:: Your assignment ::
Below, find the line containing "Between Eggenberg Palace" and the line containing "Building Photo - 21207 E 59th Pl"; reproduce exactly those two and every line between them, omitting pictures.

:: Available records ::
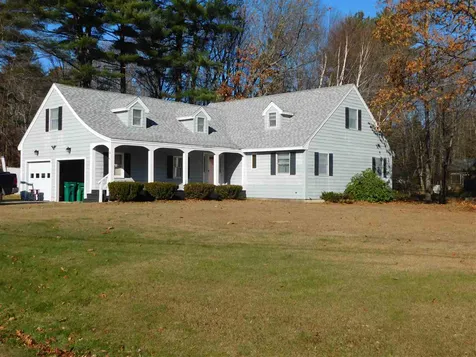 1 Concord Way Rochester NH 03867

---

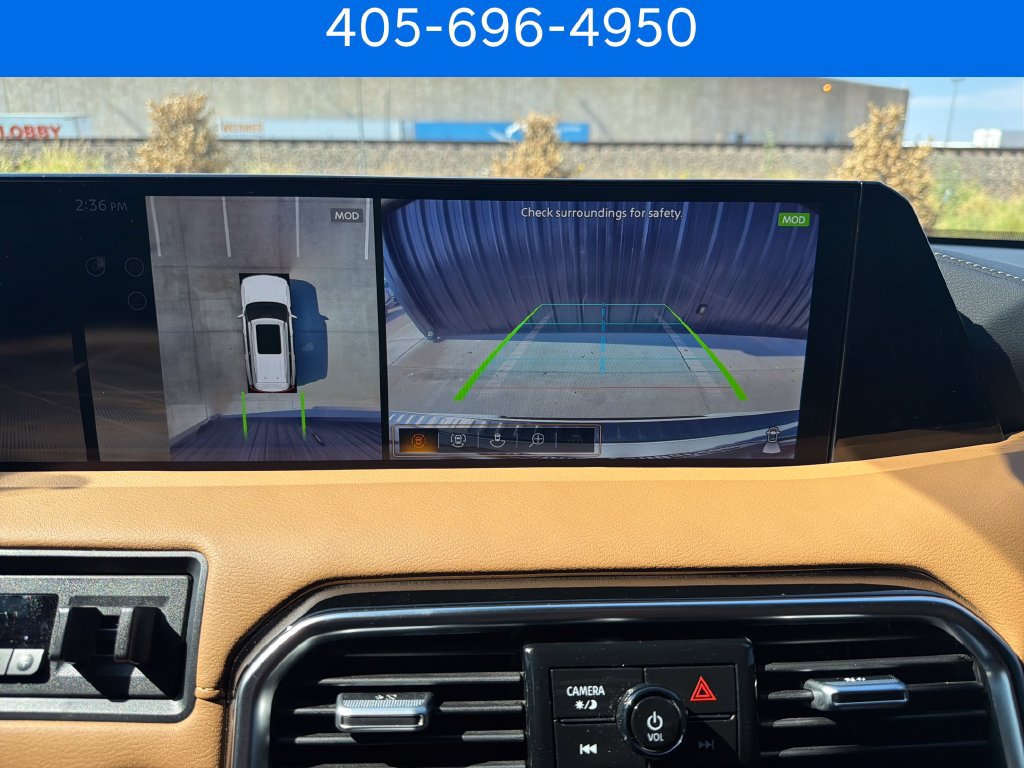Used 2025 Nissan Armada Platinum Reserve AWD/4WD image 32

---

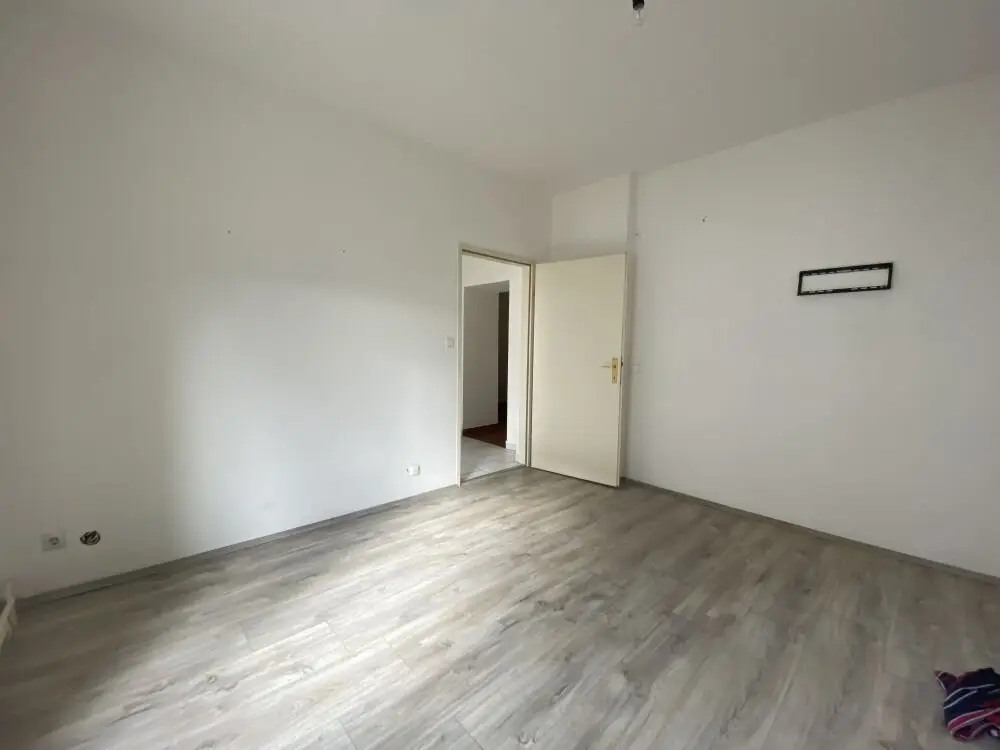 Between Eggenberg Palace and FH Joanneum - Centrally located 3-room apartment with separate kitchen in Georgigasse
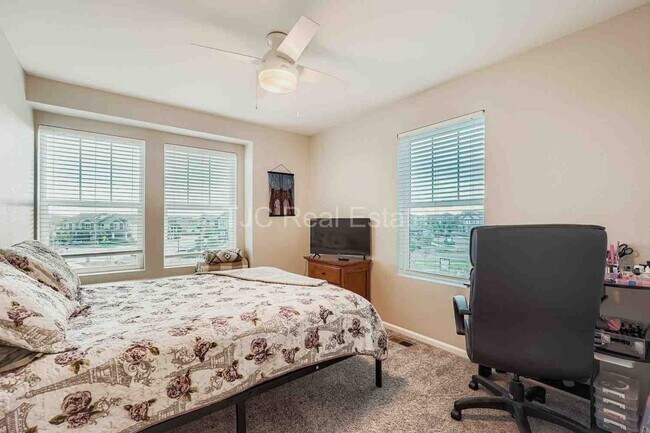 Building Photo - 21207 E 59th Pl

:: Solution for this exercise ::
 Between Eggenberg Palace and FH Joanneum - Centrally located 3-room apartment with separate kitchen in Georgigasse
 Building Photo - 21207 E 59th Pl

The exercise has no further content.